2.5. Sermaye Piyasası Kanunundan Doğan Cezai Sorumluluklar
6362 sayılı Sermaye Piyasası Kanunu madde 103’e göre Kanun’da yer alan hükümlere ve Sermaye Piyasası Kurulu tarafından alınan kararlara uygun davranmayan yönetim kurulu üyelerine idari para cezası verilir.
SerPK madde 106’ya göre sermaye piyasası araçları ya da ihraççılar hakkında, ilgili sermaye piyasası araçlarının fiyatlarını, değerlerini veya yatırımcıların kararlarını etkileyebilecek nitelikteki ve henüz kamuya duyurulmamış bilgilere dayalı olarak ilgili sermaye piyasası araçları için alım ya da satım emri veren veya verdiği emri değiştiren veya iptal eden ve bu suretle kendisine veya bir başkasına menfaat temin eden yönetim kurulu üyesi hapis ve adli para cezası ile cezalandırılır.
2.6. İcra ve İflas Kanunundan Doğan Cezai Sorumluluklar
Şirketin borca batık olması halinde şirketin iflasının talep edilmesi kanuni bir zorunluluktur. 2004 sayılı İcra ve İflas Kanunu madde 345/a’ya göre anonim şirket borca batık hale gelmiş olmasına rağmen yönetim kurulu üyeleri şirketin iflasını istemezse alacaklılardan birinin şikâyeti üzerine yönetim kurulu üyelerine hapis cezası verilir.

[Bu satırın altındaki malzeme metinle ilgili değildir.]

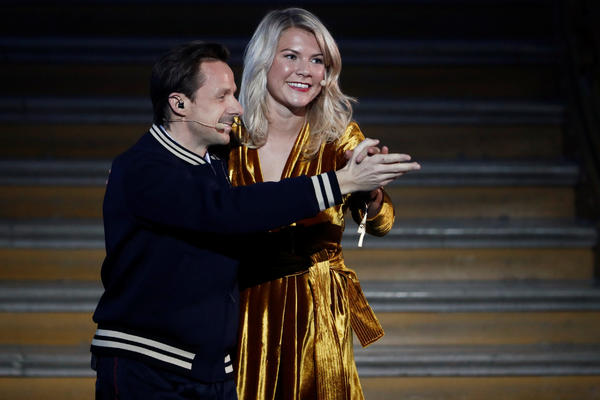 SKANDAL NA DODELI ZLATNE LOPTE: Ponizio najbolju fudbalerku sveta, svi su se zgrozili onim što ju je terao da radi!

İİK madde 333/a’ya göre yönetim kurulu üyesi, alacaklıları zarara uğratmak kastı ile ticari işletmenin borçlarını ödemeyerek alacaklıları zarara sokarsa hapis ve adli para cezası ile cezalandırılır.
9. Sıkça Sorulan Sorular
Suç duyurusu işlenmiş bir suçun savcılık veya kolluk makamına bildirilmesidir. Şirket nezdinde meydana gelen bir suç hakkında suç duyurusunda bulunulması halinde soruşturma şirkete karşı değil, yönetim kurulu üyelerine karşı yürütülür. Zira şirketler birer tüzel kişidir ve tüzel kişilerin cezai sorumlulukları bulunmamaktadır.
Yönetim kurulu üyelerinin cezai sorumluluklarının karşılığı yaptırım olarak para cezasına hükmedilebileceği gibi hapis cezasına da hükmedilebilir.
Şirket ile yönetim kurulu üyeleri arasında sözleşmesel ilişki bulunmaktadır. Yönetim kurulu üyesinin görevlerinin ifası sırasında gerekli dikkat ve özeni göstermesi gerekmektedir. Özen yükümlülüğüne aykırı davranışları dolayısıyla şirket aleyhine idari para cezası kesilmesine neden olan yönetim kurulu üyesine rücu edilebilecektir.
Tüzel kişilerin cezai sorumlulukları bulunmadığından soruşturma şirkete karşı yapılmaz. Dolayısıyla şirket şüpheli konumunda bulunamaz.